# One child or two??



## Kylie47 (Mar 28, 2013)

Hi

I was hoping someone may be able to give me some advice. We're in Stage 2 of the adoption process and going to panel in September. We're hoping to be approved for 1-2 children, aged 0-2.

Our big dilemma is whether we want to adopt one child or two siblings. We had always envisaged having two children, but not at once! Our SW has explained that if you adopt one child and then adopt another separately, there can be quite a few barriers to adopting the second, such as making the time to go through the adoption process again and it being harder for SWs to match a child to your first one, ie they may struggle to ever match you so you may not end up having a second, and there can be issues between the two children later down the line due to them having different backgrounds and birth families.

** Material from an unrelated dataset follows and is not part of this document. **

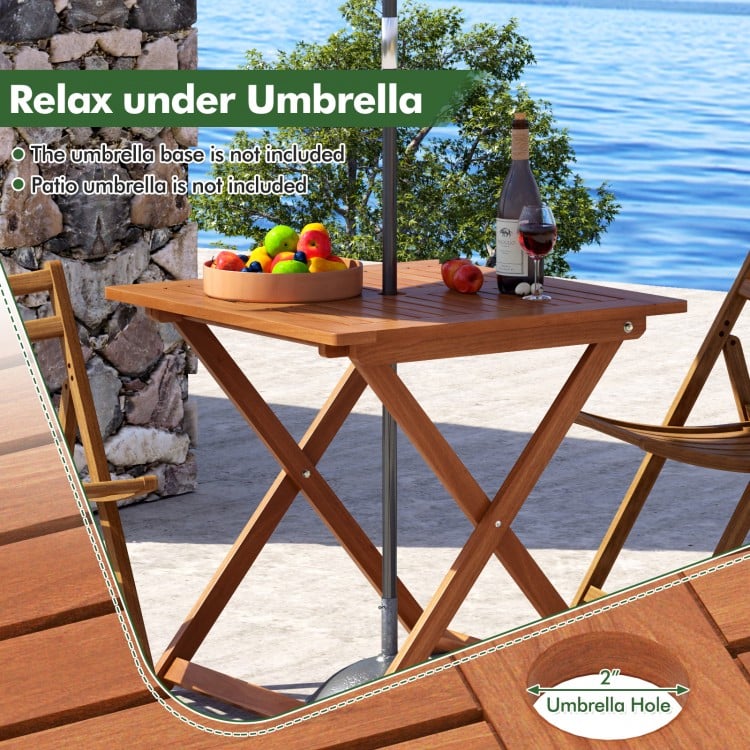 29.5 Inch x 29.5 Inch Patio Dining Table with Teak Painting and Umbrella Hole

So what she's saying is that if we adopt one now, we need to accept there's a good chance we may not have another.

However if we were to adopt two siblings, it's double the amount of work straight away and we're concerned whether we can cope! We do, however, really like the idea of our children being related and having similar backgrounds.

We've been told that our LA mainly have sibling groups coming through at the moment, so it's likely that the first profiles we'll be shown will be siblings (possibly one pair where the oldest is around 14 months and youngest is 3 months). For this reason we think we need to decide soon whether we want siblings!

If anyone has been through these feelings and/or has either adopted one or two children, I'd really appreciate any advice you can give, such as how you decided!

Thanks!


----------



## Darcy2012 (Jul 16, 2014)

Hi Kylie
I understand where you're coming from my DH and I always said we would like siblings but as the process went on we did start to question would we cope, how hard it would be etc. We were approved for 1 to 2 children and just as we got approved our social worker showed us the profile of a sibling group and we knew they were our children! 

I still had the same worries up until they moved in really despite  being happy and so excited. They have been home with us for seven weeks and they are just amazing!! It is hard work having two children under three and I don't think you can ever really prepare yourself for that, when one has your attention the other wants it, need eyes in back if my head half the time but its worth it! They share a really close bond which is lovely and Zi think its helped them to have each other also.

One thing I realised is just how important my support network is and I have needed it, I am sure that's something you have thought about. Also just the general logistics taking two out it now takes us ages to get out the door and took my mum on our first couple outings after hubby went back to work!  I don't regret it for a minute though even on the hard days.

Good luck hope all goes well


----------



## GoofyGirl (Apr 1, 2013)

Hi Kylie
It's difficult to make the decision. We said we would accept one or two children but because we said we would accept two we were not shown any profiles within our La for one child as unbeknownst to is at the time there were siblings coming through and no other approved adopters would accept siblings so bear that in mind if you say you'll accept two. 
Having said that I'm glad we have our two. They were aged 1.5 and 2.5 when placed and were the ideal ages we wanted. It is hard work and as Darcy says a support network is crucial. We didn't have one. The friends who said they would be there for us haven't been around at all and our families live hours away. The first few months were extremely hard but 6 months on I'm so glad we have these two. 
I have met loads of adopters at support groups etc but very few with siblings and the issues we face are so so different. But when I have met adopters with siblings it has been amazing to chat to them. 
If you have a proper support network, ie someone who is around during the week and not at work, who will really be there for you, then go for it. If not it does need serious thought. I struggled at times. I've had to put my two in nursery sooner than I would have liked but without support all of the SWs at LAC review said it was absolutely necessary for my sanity and also to help the kids with some of their behaviours and social issues. Things have improved for all of us since then but I had to struggle on feeling alone for 4.5 months. 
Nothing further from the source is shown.